Mariana Franco, mulher trans, presidenta União Nacional LGBT (UNA) de Santa Catarina e deputada suplente em SC, falou conosco sobre a resposta de apoio da população por onde a marcha passou. “Não tem explicação a realização de um ato como esse esse aqui em Florianópolis. Em todo o trajeto da marcha as pessoas respeitaram a nossa manifestação. Vimos as pessoas nos prédios acenando pra gente, as mulheres cantando nas sacadas das suas casas, então isso é o feminismo, é revolução, é pluralidade. Eu espero que o dia de hoje continue nos próximos anos, principalmente porque é um furor de emancipação das mulheres. Com certeza muitas mulheres que viram a gente nas ruas vão participar dos próximos atos e isso é libertador. Nada mais lindo do que a libertação de um corpo das amarras que a sociedade coloca”, afirmou. 

 Iara Miranda, do Sindicato dos Trabalhadores em Educação de Santa Catarina (Sinte), também compartilhou do sentimento de Mariana ao final da marcha. “Foi lindo, foi uma marcha para mostrar à essa cidade que estamos na luta, que não vão nos calar, que a gente quer nossos corpos livres. Não tivemos um policiamento, um acompanhamento, fizemos tudo, fechamos as ruas, acolhemos as pessoas que foram se aproximando, fomos abraçadas pela cidade”, expressou a sindicalista.

Africatarina continuou a a apresentação após a marcha/Foto: Alice Sima

A marcha arrematou uma semana de atividades e mais de dois meses de discussões para a construção do 8M 2020. “A programação não termina hoje, durante a semana teremos ações do projeto Acorda Maria que leva o debate sobre os direitos das mulheres a alunas e alunos do Instituto Federal de Santa Catarina”, informou Íris Gonçalves, integrante do 8M. 

Para além do 8 de março, o movimento 8M segue em construção e com presença em eventos políticos durante todo o ano. 


Uma programação política

A programação que antecedeu a marcha teve início às 13h, formada por oficinas, apresentações musicais e teatrais, tendas temáticas, exposições e rodas de conversa. As organizadoras buscaram criar espaços de discussão (rodas de conversa) com uma ampla diversidade de temas, tentando dar conta da diversidade de pautas e de subjetividades que compõem não só o movimento 8M SC, mas a sociedade catarinense e brasileira como um todo.

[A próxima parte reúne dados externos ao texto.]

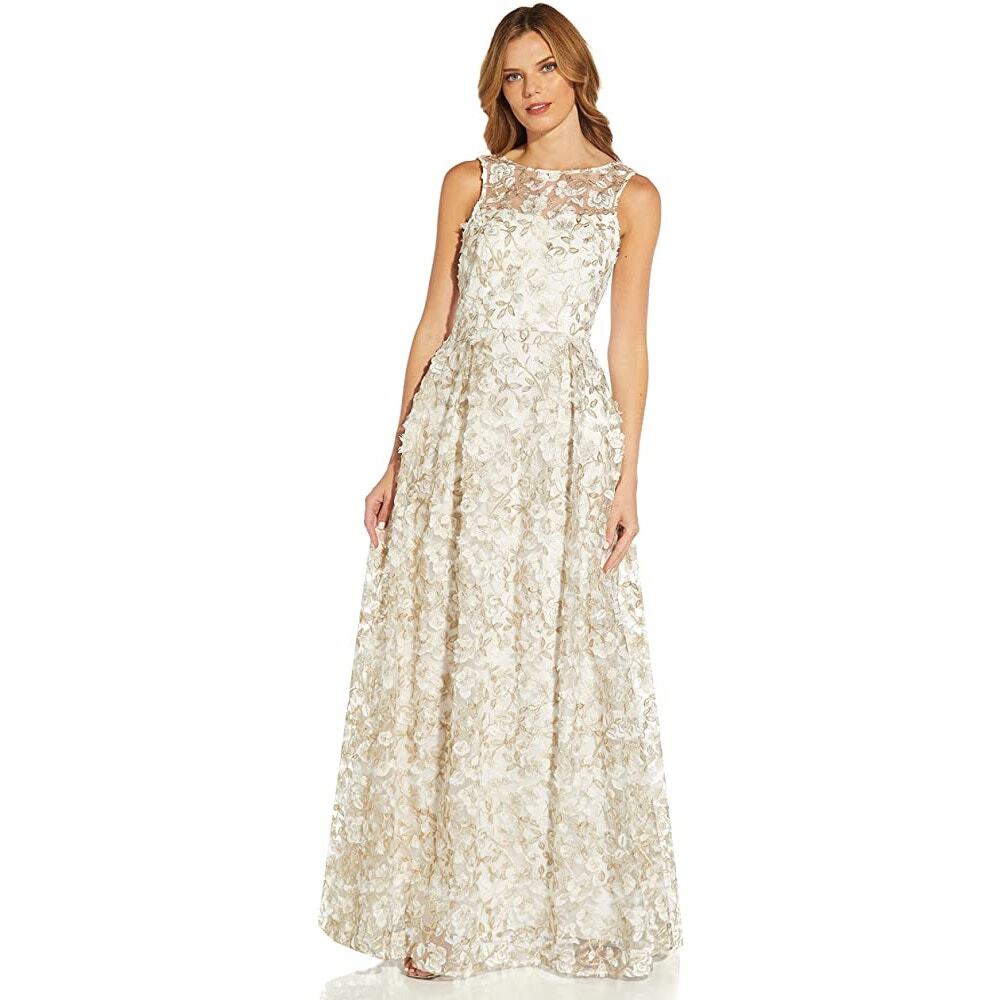 Adrianna Papell Metallic Floral Gown 4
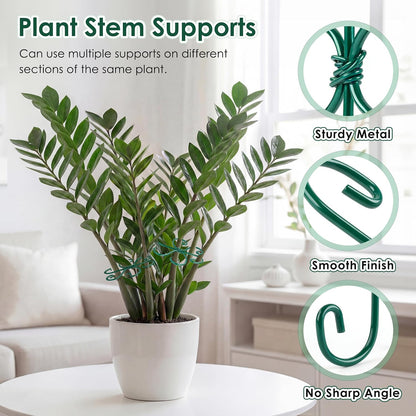 RELBRO Monstera Plant Supports, 4.3 Inch Metal Stem Support Holders Plant Stabilizer for Indoor Outdoor Potted Plants Growing Upright, Green, 4 Pcs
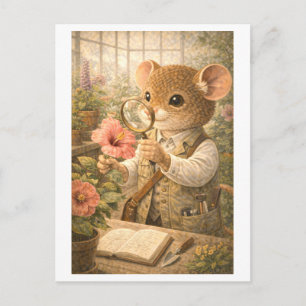 Carte Postale Souris de carrière en tant que botaniste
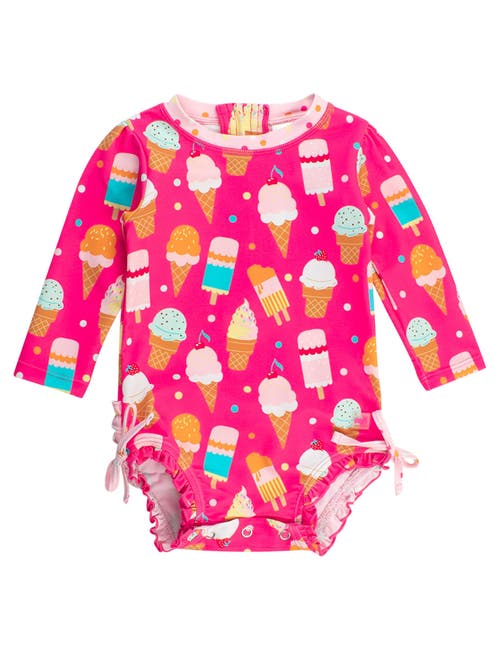 Rufflebutts Toddler Girls Long Sleeve Upf50+ One Piece Rash Guard In Pink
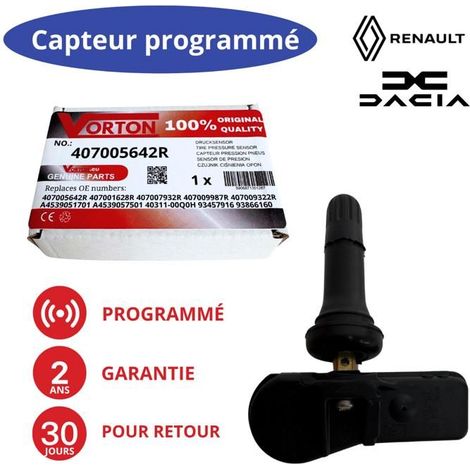 Sensore TPMS Renault preprogrammato 433MHz (rif 407005642R) per Captur I, Clio IV, Kangoo, Master, Trafic, Twingo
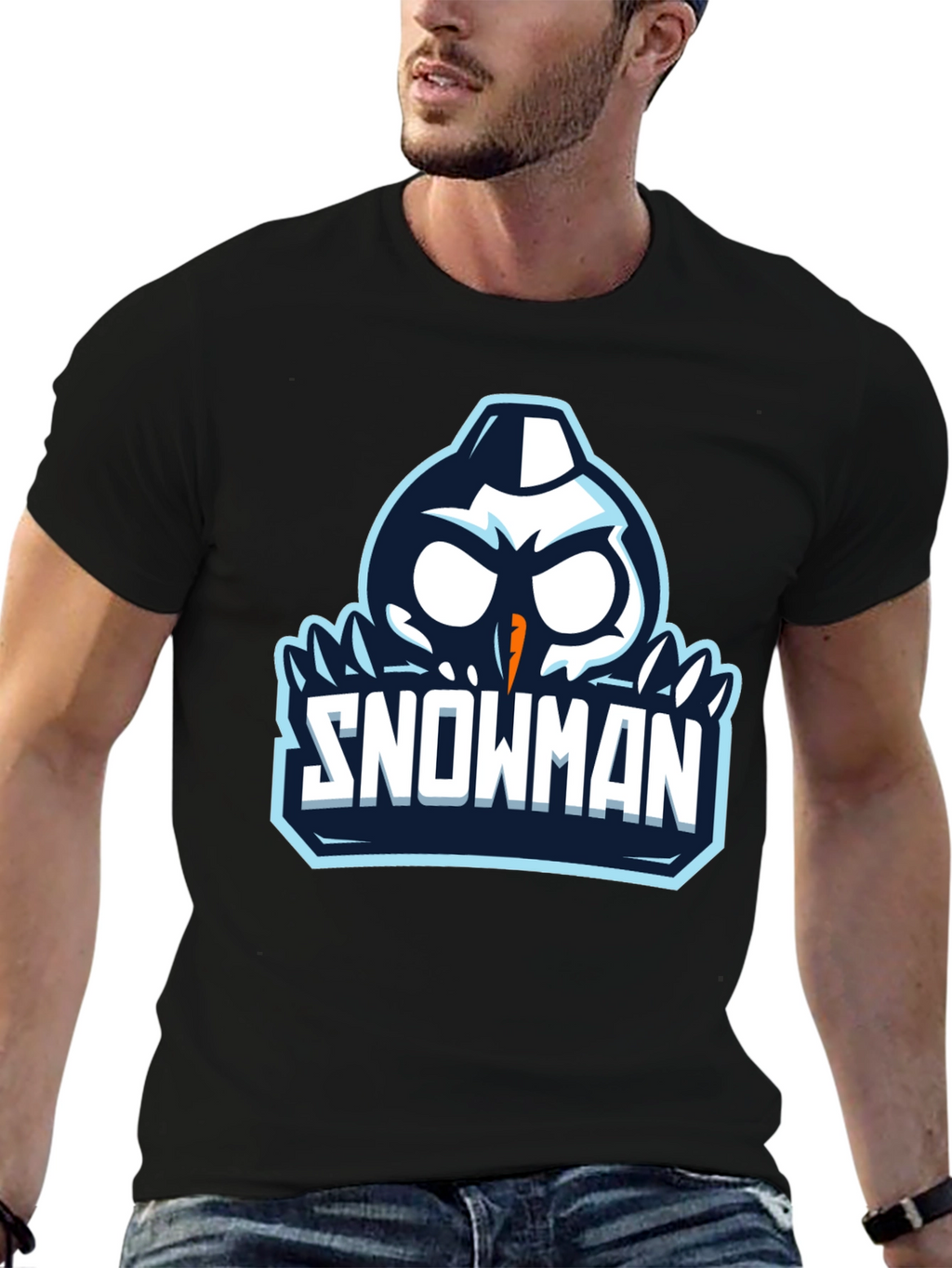 Snowman Graphic Print Black T-Shirt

A descriminalização e legalização do aborto, a humanização do parto e redes de apoio às mulheres mães, as demandas e resistências das mulheres negras em vários espaços da sociedade, a luta por democracia e por mais mulheres na política, a resistência e as violências que pessoas gordas, não binárias ou trans enfrentam na sociedade, entre outros temas ligados à temática central deste ano, foram colocados em evidência nas diversas falas durante a tarde. 

Mesa redonda, gorda e pesada/Foto: Karol Braga.

A discussão sobre gordofobia trouxe a relação do corpo e território a partir da discussão sobre os espaços onde é possível para as mulheres gordas e trans ocuparem e circularem. “Gordofobia é quando nós não cabemos nas cadeiras das salas de aula, nos bancos de ônibus, nos lugares onde a maioria de vocês senta e pode estar. Gordofobia é ser chamada de desleixada e ser lida como preguiçosa, por ser gorda”, disse uma das ativistas presentes na roda.

“Quando naturalizamos e reproduzimos falas como ‘você é linda’ direcionada às meninas, e ‘você é inteligente’, ‘você é corajoso’, direcionada aos meninos, estamos demonstrando para as crianças o que valorizamos nelas. Isso constrói a ideia de que a valorização das mulheres está ligada à sua beleza física, e isso se torna um imperativo na vida delas, depois de adultas. Precisamos desnaturalizar isso, esse tipo de ‘elogio’ direcionado às mulheres, pois isso nos impõe uma obrigação de seguir determinados padrões de beleza impostos que estão totalmente ligados à gordofobia”, explica Juliana Dreher, arquiteta e ativista do movimento contra a gordofobia.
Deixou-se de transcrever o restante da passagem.